The entries that follow should be repeated exactly, with no pictures kept.

- DATA FOR REVIEW:
══════════════════════════════
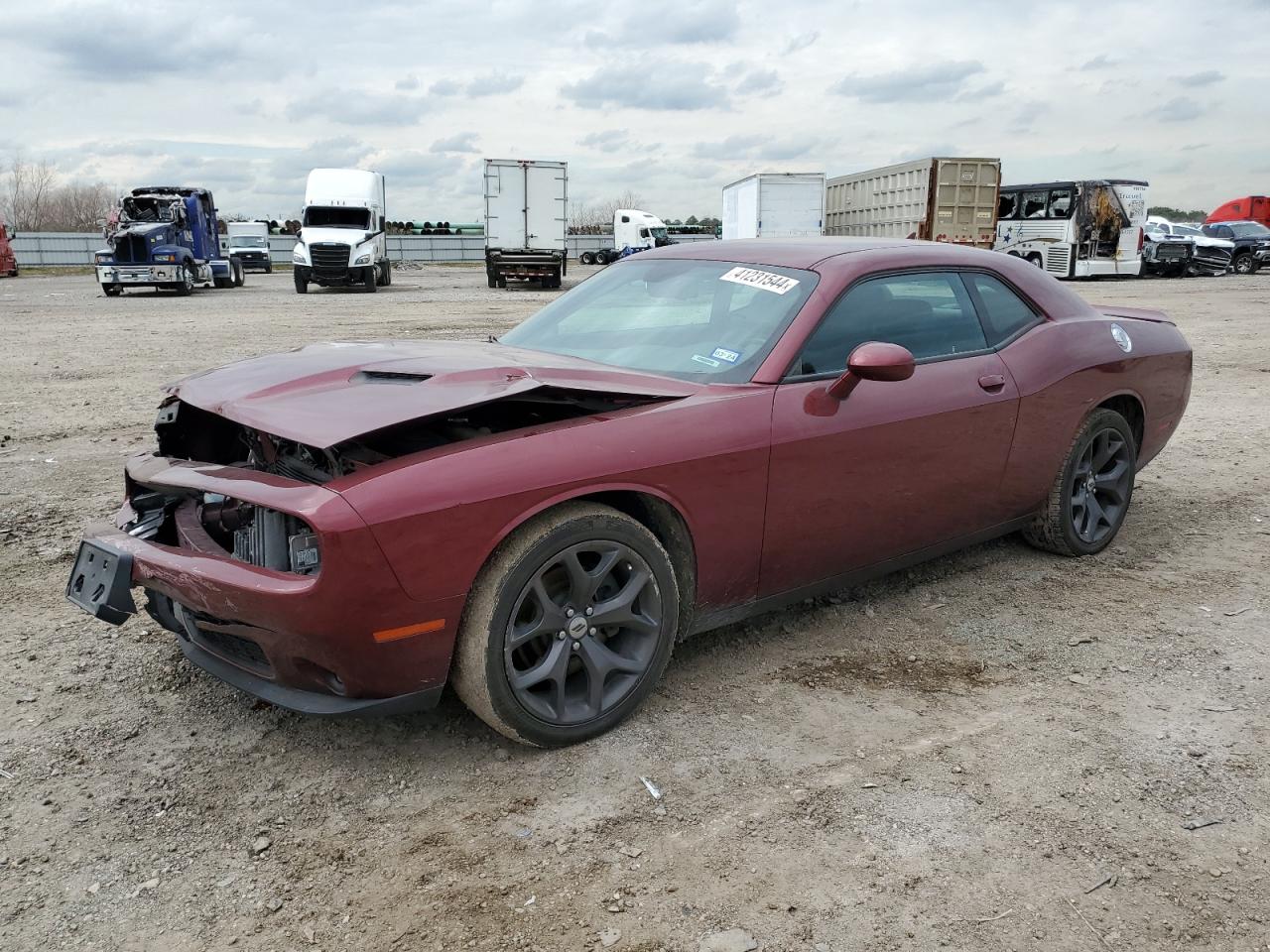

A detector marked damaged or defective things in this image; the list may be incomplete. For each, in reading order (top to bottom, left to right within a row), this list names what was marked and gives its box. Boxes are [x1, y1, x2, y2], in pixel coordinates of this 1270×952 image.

burned vehicle [94, 183, 243, 294]
crumpled hood [165, 341, 698, 448]
burned vehicle [66, 238, 1191, 746]
damaged dodge challenger [69, 238, 1191, 746]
══════════════════════════════
- ANSWER TO THE EXERCISE:
A detector marked damaged or defective things in this image; the list may be incomplete. For each, in reading order (top to bottom, left to right within a row), this list names what was marked and gives its box. Boxes are [x1, y1, x2, y2], in pixel coordinates of this 1270×952 image.

burned vehicle [94, 183, 243, 294]
crumpled hood [165, 341, 698, 448]
burned vehicle [66, 238, 1191, 746]
damaged dodge challenger [69, 238, 1191, 746]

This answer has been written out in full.